(Dataset extract Opens)

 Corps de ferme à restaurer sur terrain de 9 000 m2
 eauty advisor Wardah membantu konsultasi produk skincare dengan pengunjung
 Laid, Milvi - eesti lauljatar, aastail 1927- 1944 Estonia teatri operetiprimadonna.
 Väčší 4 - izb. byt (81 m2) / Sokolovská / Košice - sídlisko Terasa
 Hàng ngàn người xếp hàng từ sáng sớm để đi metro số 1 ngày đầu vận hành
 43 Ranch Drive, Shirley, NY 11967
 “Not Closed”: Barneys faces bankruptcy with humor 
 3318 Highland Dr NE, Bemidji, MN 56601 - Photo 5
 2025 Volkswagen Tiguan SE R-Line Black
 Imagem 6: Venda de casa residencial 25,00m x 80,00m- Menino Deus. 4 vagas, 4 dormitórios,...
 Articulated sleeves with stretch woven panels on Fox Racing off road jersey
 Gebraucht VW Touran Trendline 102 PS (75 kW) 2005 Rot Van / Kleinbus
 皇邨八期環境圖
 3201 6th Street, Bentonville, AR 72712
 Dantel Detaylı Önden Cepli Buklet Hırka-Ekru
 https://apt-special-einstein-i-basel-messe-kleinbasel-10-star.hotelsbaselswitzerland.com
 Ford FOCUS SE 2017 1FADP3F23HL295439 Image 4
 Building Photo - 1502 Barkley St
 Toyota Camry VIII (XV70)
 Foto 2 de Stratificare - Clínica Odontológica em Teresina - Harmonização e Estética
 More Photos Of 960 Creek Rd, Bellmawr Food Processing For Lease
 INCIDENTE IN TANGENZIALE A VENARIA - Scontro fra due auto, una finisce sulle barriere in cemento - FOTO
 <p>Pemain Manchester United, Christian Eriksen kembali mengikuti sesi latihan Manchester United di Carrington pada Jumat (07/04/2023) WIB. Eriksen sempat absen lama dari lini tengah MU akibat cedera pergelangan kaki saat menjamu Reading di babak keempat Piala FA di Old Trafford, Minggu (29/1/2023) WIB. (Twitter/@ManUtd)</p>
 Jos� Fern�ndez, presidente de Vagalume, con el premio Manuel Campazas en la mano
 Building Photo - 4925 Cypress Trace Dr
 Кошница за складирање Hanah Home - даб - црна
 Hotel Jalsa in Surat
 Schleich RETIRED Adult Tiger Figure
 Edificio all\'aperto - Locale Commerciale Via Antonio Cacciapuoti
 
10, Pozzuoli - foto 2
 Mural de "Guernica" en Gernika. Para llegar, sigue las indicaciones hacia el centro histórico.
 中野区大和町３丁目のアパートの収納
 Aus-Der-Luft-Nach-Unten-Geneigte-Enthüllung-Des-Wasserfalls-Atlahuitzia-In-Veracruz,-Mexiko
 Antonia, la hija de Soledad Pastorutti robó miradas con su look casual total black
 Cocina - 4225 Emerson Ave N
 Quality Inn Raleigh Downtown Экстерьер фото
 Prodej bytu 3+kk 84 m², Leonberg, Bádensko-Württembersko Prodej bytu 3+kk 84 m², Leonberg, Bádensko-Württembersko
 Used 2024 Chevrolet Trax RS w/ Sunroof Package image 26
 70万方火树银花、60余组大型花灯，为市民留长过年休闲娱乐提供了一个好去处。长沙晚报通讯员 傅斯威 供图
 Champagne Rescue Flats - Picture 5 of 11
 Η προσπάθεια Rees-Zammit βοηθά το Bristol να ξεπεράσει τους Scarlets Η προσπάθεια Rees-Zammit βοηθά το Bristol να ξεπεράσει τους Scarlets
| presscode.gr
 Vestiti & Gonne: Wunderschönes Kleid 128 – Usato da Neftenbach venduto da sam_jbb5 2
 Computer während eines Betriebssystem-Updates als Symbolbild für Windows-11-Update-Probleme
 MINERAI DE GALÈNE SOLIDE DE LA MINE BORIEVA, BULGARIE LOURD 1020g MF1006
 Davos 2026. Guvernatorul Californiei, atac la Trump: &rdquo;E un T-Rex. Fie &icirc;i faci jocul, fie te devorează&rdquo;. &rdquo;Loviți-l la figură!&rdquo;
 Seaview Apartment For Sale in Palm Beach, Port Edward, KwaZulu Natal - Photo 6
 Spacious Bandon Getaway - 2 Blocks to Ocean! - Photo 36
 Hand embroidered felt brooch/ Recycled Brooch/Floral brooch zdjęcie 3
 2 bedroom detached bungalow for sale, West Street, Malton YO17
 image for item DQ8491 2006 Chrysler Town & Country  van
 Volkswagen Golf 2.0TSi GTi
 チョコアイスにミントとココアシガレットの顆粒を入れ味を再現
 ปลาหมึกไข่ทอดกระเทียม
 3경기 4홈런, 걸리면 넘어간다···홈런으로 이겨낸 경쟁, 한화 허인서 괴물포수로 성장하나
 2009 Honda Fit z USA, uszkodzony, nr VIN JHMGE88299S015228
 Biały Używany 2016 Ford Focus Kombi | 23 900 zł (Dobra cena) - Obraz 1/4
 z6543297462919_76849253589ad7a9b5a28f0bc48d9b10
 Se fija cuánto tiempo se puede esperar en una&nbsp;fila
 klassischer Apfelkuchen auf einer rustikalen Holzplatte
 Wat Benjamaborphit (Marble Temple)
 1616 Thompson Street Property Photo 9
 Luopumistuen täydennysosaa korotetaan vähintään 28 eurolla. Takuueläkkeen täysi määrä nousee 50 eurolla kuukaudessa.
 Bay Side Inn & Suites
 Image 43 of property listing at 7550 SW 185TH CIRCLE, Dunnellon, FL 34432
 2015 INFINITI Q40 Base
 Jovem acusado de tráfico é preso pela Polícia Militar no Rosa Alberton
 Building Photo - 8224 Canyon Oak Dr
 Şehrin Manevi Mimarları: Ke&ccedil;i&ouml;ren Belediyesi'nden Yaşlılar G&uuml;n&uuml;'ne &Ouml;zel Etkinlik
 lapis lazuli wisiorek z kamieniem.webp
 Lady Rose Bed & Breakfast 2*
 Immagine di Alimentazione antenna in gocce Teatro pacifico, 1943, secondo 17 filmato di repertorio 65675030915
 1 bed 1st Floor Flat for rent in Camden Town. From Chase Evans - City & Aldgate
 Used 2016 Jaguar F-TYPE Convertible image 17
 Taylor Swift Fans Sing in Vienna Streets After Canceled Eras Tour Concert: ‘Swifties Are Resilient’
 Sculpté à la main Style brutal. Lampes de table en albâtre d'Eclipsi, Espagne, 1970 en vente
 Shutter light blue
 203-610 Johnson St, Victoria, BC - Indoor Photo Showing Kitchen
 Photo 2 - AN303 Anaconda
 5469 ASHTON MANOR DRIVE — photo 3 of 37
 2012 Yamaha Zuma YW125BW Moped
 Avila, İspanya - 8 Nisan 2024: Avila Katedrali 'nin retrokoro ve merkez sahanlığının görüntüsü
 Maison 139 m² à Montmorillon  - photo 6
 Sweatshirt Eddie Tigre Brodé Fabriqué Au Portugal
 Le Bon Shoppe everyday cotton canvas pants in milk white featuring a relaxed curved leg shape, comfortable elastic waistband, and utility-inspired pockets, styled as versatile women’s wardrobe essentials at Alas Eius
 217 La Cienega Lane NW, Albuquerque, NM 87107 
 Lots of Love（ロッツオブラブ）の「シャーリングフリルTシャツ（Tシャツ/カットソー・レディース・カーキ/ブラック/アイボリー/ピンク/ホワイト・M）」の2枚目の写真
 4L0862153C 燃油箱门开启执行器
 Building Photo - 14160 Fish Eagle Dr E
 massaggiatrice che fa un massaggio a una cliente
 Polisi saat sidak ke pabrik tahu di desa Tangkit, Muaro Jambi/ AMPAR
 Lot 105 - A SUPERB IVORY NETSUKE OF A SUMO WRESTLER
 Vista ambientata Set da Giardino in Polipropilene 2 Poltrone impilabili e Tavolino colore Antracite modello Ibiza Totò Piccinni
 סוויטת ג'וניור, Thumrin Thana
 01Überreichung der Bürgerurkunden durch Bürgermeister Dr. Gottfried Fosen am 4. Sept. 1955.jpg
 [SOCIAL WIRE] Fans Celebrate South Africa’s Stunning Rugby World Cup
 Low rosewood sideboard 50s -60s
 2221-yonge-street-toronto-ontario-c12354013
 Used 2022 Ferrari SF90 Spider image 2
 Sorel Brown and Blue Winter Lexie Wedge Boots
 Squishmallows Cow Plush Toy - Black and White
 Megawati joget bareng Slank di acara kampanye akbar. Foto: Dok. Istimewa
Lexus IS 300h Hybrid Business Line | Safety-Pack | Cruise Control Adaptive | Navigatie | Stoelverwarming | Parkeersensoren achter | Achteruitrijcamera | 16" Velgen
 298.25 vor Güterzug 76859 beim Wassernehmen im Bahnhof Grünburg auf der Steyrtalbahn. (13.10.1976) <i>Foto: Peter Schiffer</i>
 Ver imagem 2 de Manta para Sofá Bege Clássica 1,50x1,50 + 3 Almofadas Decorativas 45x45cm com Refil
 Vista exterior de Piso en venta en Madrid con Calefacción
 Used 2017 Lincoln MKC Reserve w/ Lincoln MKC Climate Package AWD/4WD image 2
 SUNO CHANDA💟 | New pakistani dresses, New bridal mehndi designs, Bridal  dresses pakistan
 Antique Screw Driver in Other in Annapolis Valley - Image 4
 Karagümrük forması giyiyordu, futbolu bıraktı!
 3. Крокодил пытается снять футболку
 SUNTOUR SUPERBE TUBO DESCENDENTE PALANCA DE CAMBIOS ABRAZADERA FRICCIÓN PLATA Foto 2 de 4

(Dataset extract Closes)

Assigned task: Scan the entries above for the word "Package" and collect each line holding it.

Answer box:
 Used 2024 Chevrolet Trax RS w/ Sunroof Package image 26
 Used 2017 Lincoln MKC Reserve w/ Lincoln MKC Climate Package AWD/4WD image 2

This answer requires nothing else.